カヨの話③:はまりこんだモラハラの沼
オークランドに戻ったカヨには恋人ができた。同じレストランで働くニュージーランド人だ。付き合って間もないタイミングでカヨのビザが切れたため、ふたりはすぐに遠距離恋愛に突入した。
ハネムーンフェーズで離れ離れになったふたりの気持ちは燃えていた。カヨはニュージーランドに戻るために池袋のビジネスホテルでのバイトに励み、彼との関係も順調に育んだ。そんな付き合いのなかでふたりが将来を具体的に描き始めたのは自然な流れだった。共同名義の銀行口座を開設し、カヨは長期的なパートナーシップを築くことを前提にパートナービザを取った。

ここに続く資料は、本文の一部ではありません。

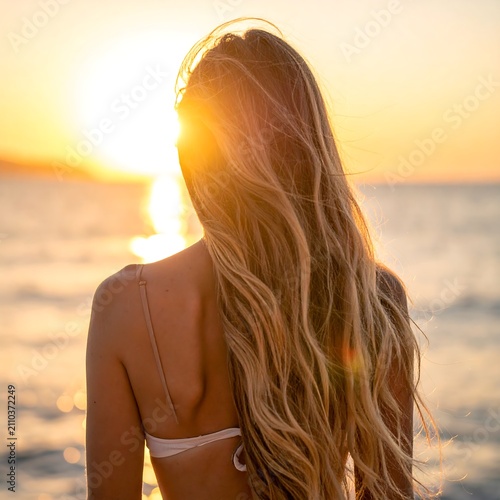 A woman with long blond hair facing away from the camera, at sunset. A bright orange glow from the sun is visible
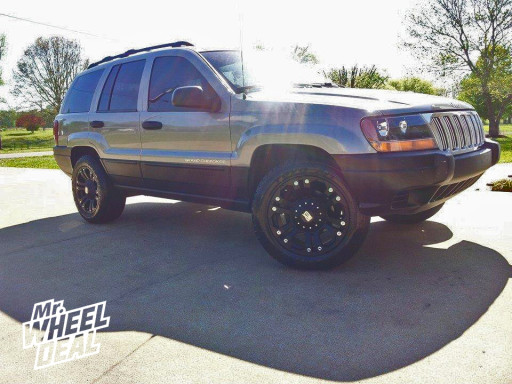 18x9 KMC XD Black Monster Wheels with 255/55/18 Toyo Open Country AT II Tires on a 2000 Jeep Cherokee 18x9 Black XD Monster Wheels with 255/55/18 Toyo Open Country AT II Tires on a 2000 Jeep Grand Cherokee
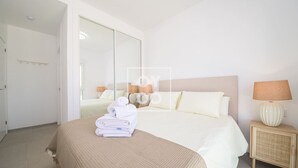 Une chambre d’hôtel avec un lit, une table de chevet avec une lampe et un grand miroir.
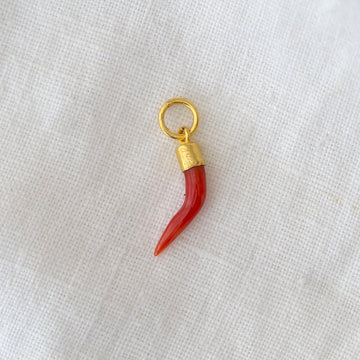 Red horn-shaped charm with gold base on a white fabric background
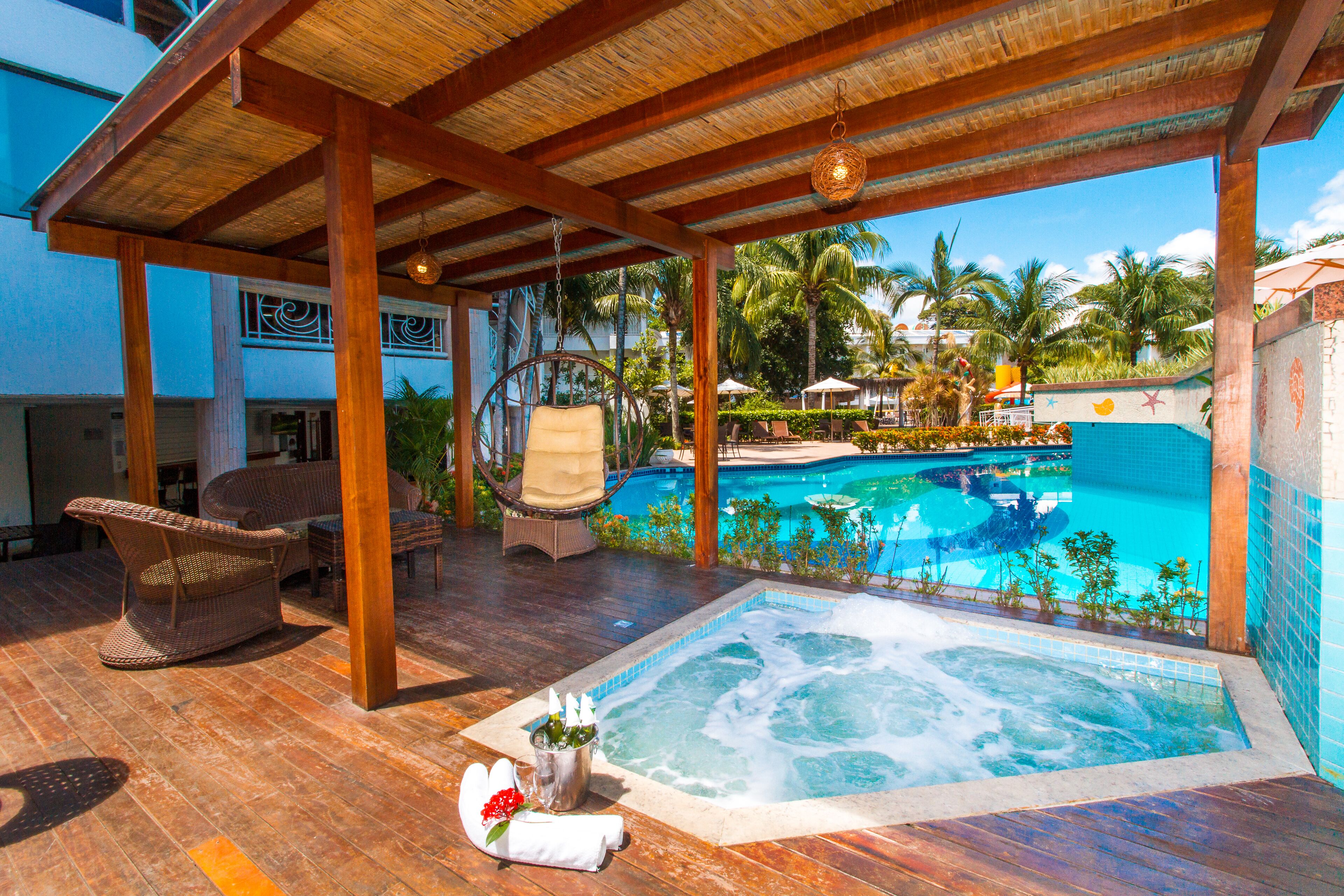 A rooftop pool area with a hot tub, lounge chairs, and a view of the pool.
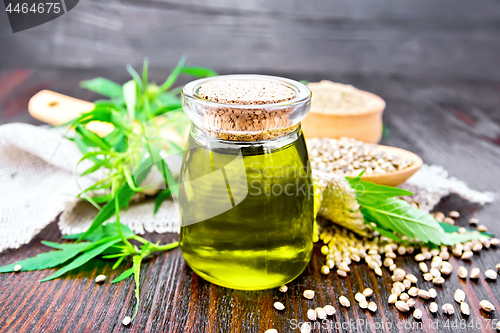 Image of Oil hemp in jar with flour and grain on board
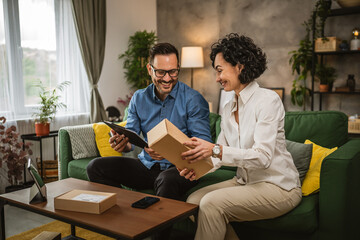 Mature woman and adult man check packets on clipboard at home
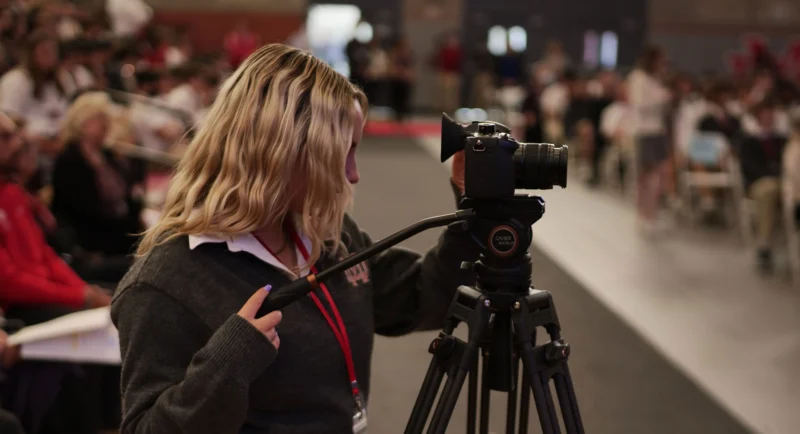 A person with wavy blonde hair operates a video camera on a tripod at an indoor event, facing a crowd seated in the background. The individual wears a gray sweater and a red lanyard.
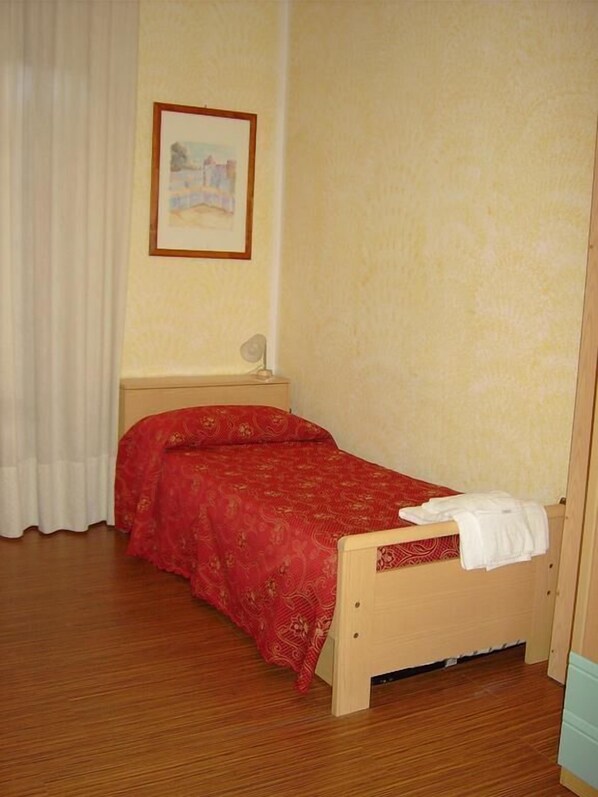 Un dormitorio pequeño y ordenado con una cama individual, una mesita de noche, un cuadro enmarcado en la pared y una ventana con cortinas.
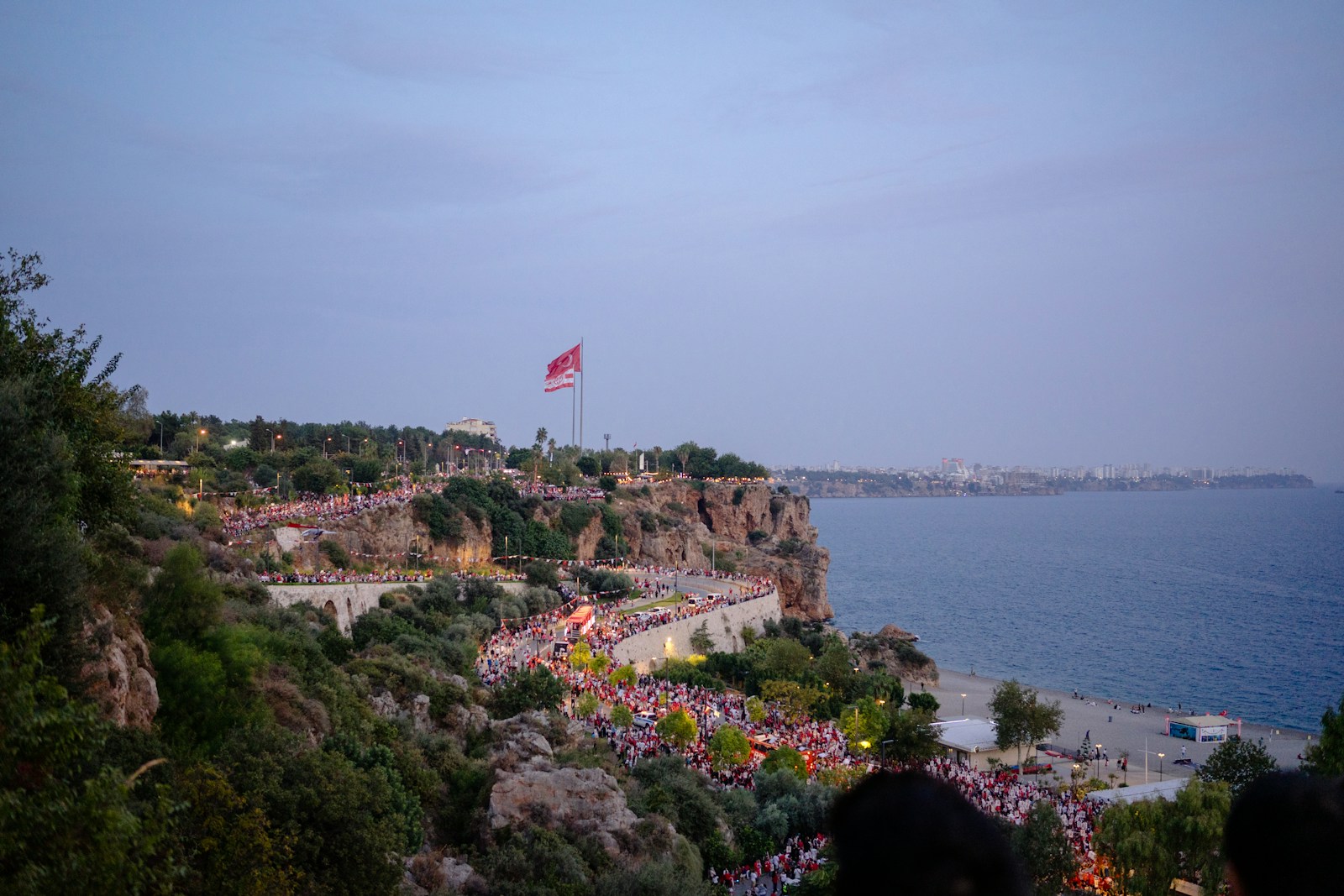 A group of people standing on top of a hill next to the ocean
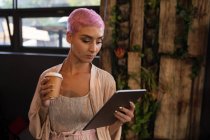 Stilvolle Frau beim Kaffee mit digitalem Tablet im Restaurant — Stockfoto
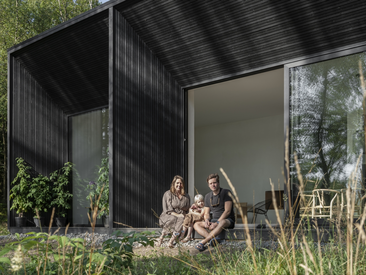 Familie vor einer geöffneten, raumhohen Schüco Schiebetür an einem modernen Wohnhaus in naturnaher Umgebung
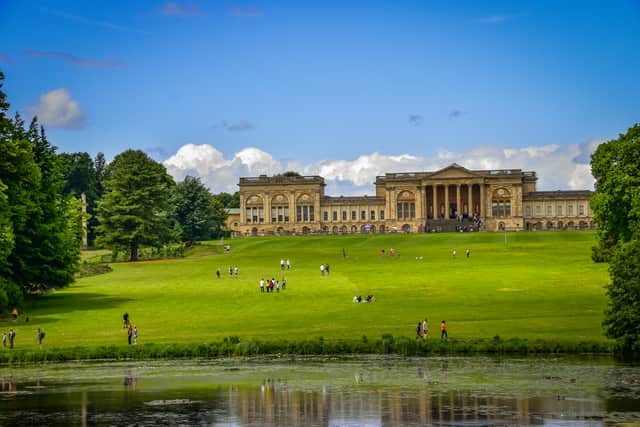 View across the Octagon Lake towards Stowe House on a busy summer’s day.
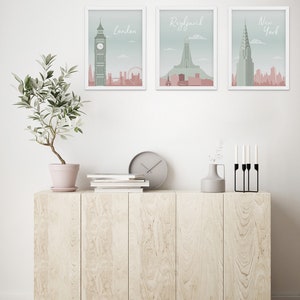 May include: Three framed art prints featuring cityscapes of London, Reykjavik, and New York. Each print has a white frame and a pastel color scheme with the city name in a script font. The prints are displayed above a light wood cabinet.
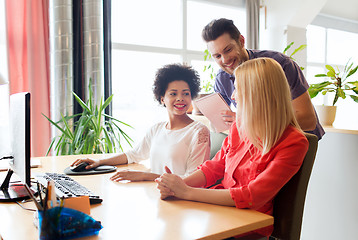 Image showing happy creative team with computer in office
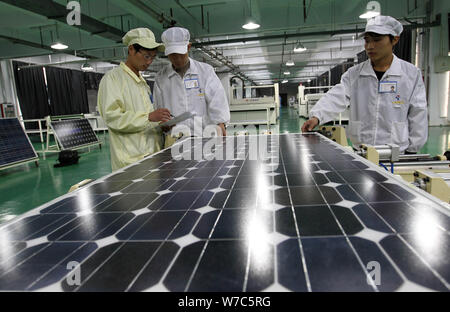 --FILE--Chinese factory workers manufacture solar panels to be exported to the United States at the photovoltaic cell plant of Tianxiang Group in Huai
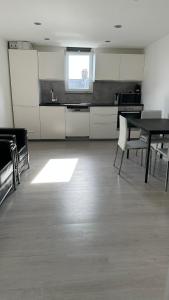 伦敦Stunning new 1 bedroom apartment的一间空厨房,里面配有桌椅
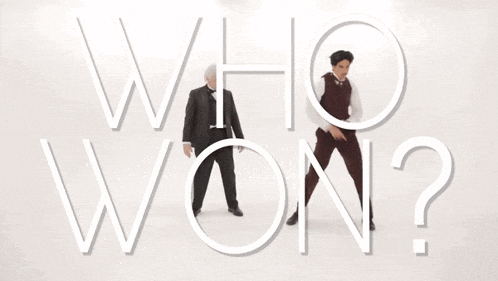 two men are standing in front of the words who 's next ?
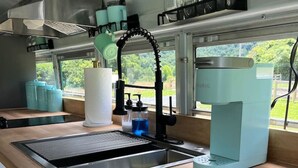 A kitchen with a stainless steel sink, a coffee machine, and a window with a view of greenery.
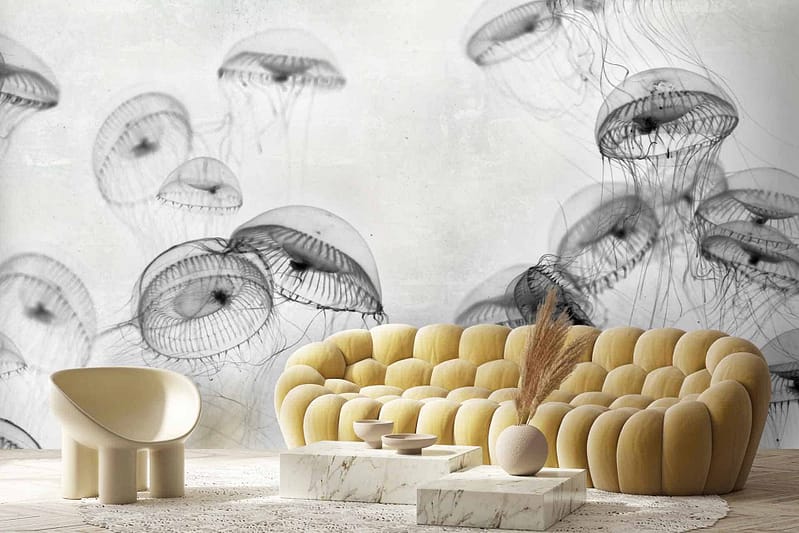 The wallpaper features translucent jellyfish swimming gracefully, creating an ethereal, aquatic ambiance. Elements include delicate tentacles and softly glowing bell-shaped bodies. The primary colors are shades of blue and aqua, with subtle hints of luminescent white and soft coral highlights. This dynamic composition gives the impression of movement and tranquility within an underwater scene.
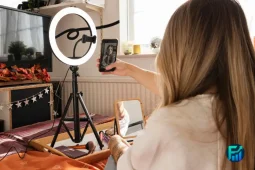 Content creator filming a TikTok Shop video with a smartphone and ring light.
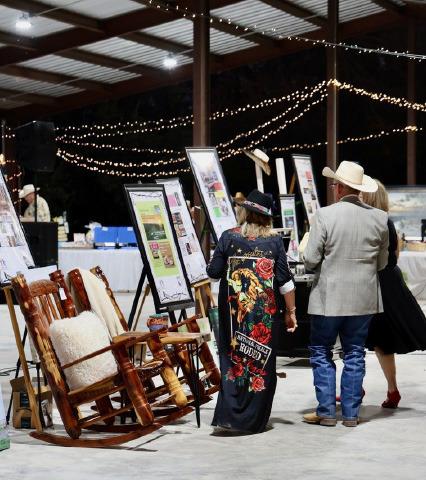 Boots and Blazers Ball attendees scope out items available for auction in last year’s event. FILE PHOTO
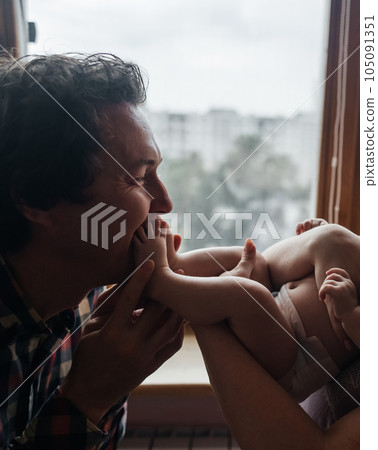 Mom and dad newborn. Caring and loving parents kiss the child on both cheeks. The concept of loving parents, the manifestation of emotions and a responsible attitude towards motherhood and fatherhood 105091351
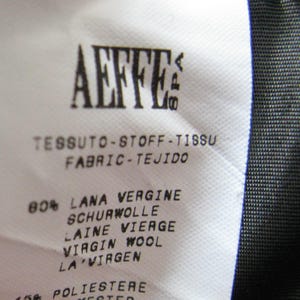 May include: A white fabric label with black text that reads "AEFFE" and "TESSUTO-STOFF-TISSU FABRIC-TEJIDO". The label lists the fabric composition as 80% virgin wool and 15% polyester. The label also includes the number "A05015144".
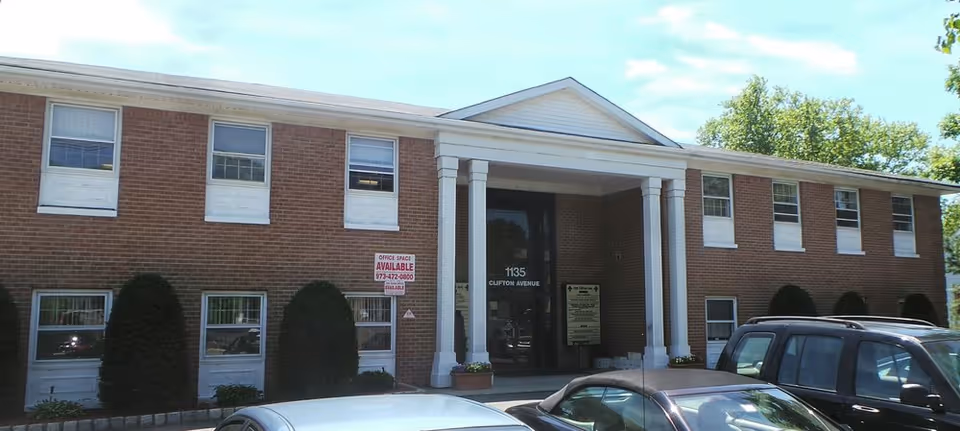 Exterior of a brick senior care facility with columns and parked cars.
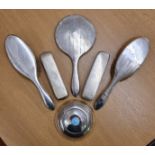 A hallmarked silver dressing table set, to include two hairbrushes, two clothes brushes, hand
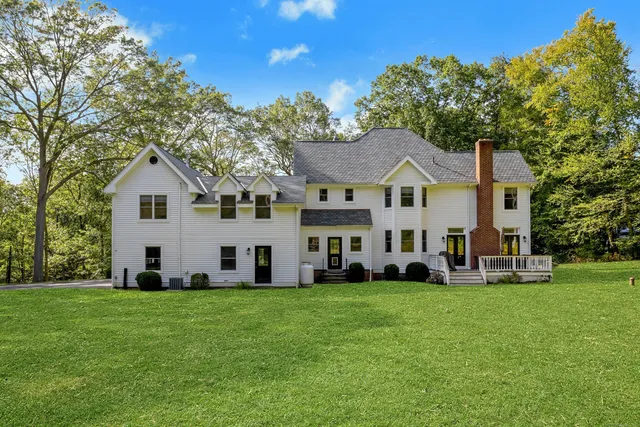 a front view of a house with a yard and trees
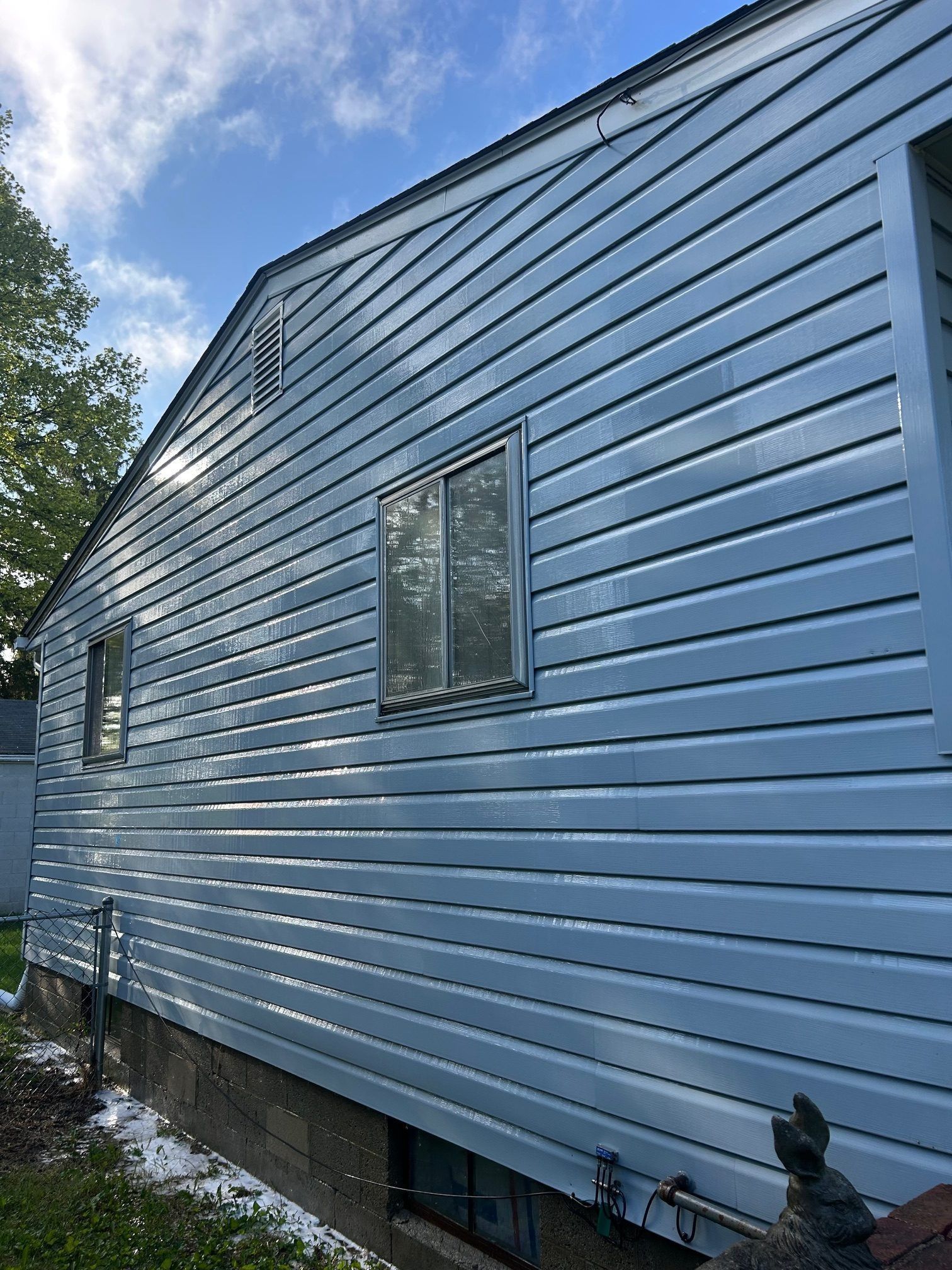 Side view of a light blue house with siding, windows, and a cloudy sky.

そうしてオークランドに戻ったカヨは彼と暮らし始めた。しかし彼との関係に不安を感じ始めるまでに時間はかからなかった。彼は支配欲が強く、気に食わないことに対して怒りを抑えられない。カヨが男性に道を尋ねるだけで激怒する有様だ。それはもはや言葉による虐待と言っていいレベルだった。何度か別れようとしたが、そのたびに俺にはカヨが必要だ、もう1度チャンスが欲しい、俺は変わるからと懇願される。そんな姿にほだされて、カヨは何度もチャンスをあげた。けれど彼が変わることはなかった。
生活に余裕はなく身体は痩せ細り、ストレスで皮膚炎も発症した。当然ながら友人にも心配されたし、一時帰国した際はあまりのやつれっぷりに母親を驚かせてしまった。けれど、自分の選択が間違っていることを認めたくなくて、いつも「大丈夫」と言っていた。今考えると、カヨ自身が大丈夫だと信じたかっただけだ。
そんな日々が3年続き、カヨはようやくその生活を終える決心を固めた。ニュージーランドで彼と一緒に生きていくつもりで日本を出てきたのに、待っていたのは怒りをコントロールできない男がいつ爆発するかと怯える日々。未来などないどころか、そのうち身体的な危害を加えられるかもしれない。身の危険を感じたカヨは彼を刺激しないよう、日本に一時帰国すると言ってニュージーランドを出た。そしてもう戻らなかった。
ちゃんと別れたのはしばらく経ってからだ。カヨ自身も彼への情があったし、楽しかった記憶もある。だからこそ変わってくれるかもという期待も捨てきれず、ずるずると決断を先延ばしにして連絡を取り合ってしまった。しかし何よりもカヨを苦しめたのは、自分で自分を守ってやれなかったことだ。自分を傷つける人間を毅然とした態度で拒絶できなかったことは、長らくカヨのしこりとなった。
カヨは小さい頃から八方美人だった。誰からも嫌われたくなかったから、色んなグループの友達と仲良くした。相手の期待を汲み、それに応えることも得意だった。だからたとえ相手の要求が度を過ぎたものであっても、毅然とNOと言うことができず、なんとか自分の力で相手を変えてあげたいとすら思ってしまったのである。アラスカ時代も、ワーホリ時代も、自分は悪くないのにもかかわらず状況を変える努力をしてしまった理由もそれだ。そうした気質はモラハラ沼ととても相性がいい。そして気が付けばカヨはその沼にどっぷりとはまっていた。
この気質は帰国後に勤めた会社でも自分を苦しめた。その会社では、カヨにだけ当たりが異常にきついと感じることが多かった。理不尽とも思える叱責は日常茶飯事で、褒められることはほとんどない。できないことばかり意識させられる日々だった。お人好しなカヨは完全に舐められていたと思う。けれど、期待される成果を出せない自分が悪いのだと思い込み、自分には価値がないとすら思っていた。ようやくその沼を抜け出そうと退職の意思を伝えたとき、会社からは君が必要なんだ、変わるから残ってくれと長時間にわたって説得された。それはカヨにとって既視感満載のシーンであった。
仕事以外でも舐められた。たとえばごみ捨てである。オフィスではごみ捨てや掃除などは「気付いた人がやる」ということになっていたが、カヨ以外の男性メンバーはほぼ気付かないふりをする。溢れそうになっているごみ箱の中身を上からぎゅうぎゅう押して、新たなごみを無理やり詰め込もうとするのだ。仕方なく毎回カヨがごみ出しを行った。おそらく皆心のどこかで「カヨがやってくれる」と期待していたんだろう。たまたま毎回「気付かなかった」ということにして。
カヨにとっては、初めて入ったビジネスの世界だった。英語は話せるけれど、その他はゼロスタートだ。自分は誰よりも遅れていると思ったし、劣等感があった。だから人より頑張らなければと自分を追い込んだ。スタートアップ事情を学び、自社ブログに記事を書き、まったく縁のなかったマーケティングについても一から学んだ。デザイナーやエンジニアなどさまざまな職種の人とうまく協業することも覚えた。そういう意味では、ビジネスパーソンとしてのカヨの基盤を作った場所だと言える。
けれど、カヨの自己肯定感はすでに落ちるところまで落ちていた。そうして限界を感じていたカヨのLinkedIn(ビジネス用SNS)に、ある日ダイレクトメッセージが届いた。それはWeWorkの採用担当者からだった。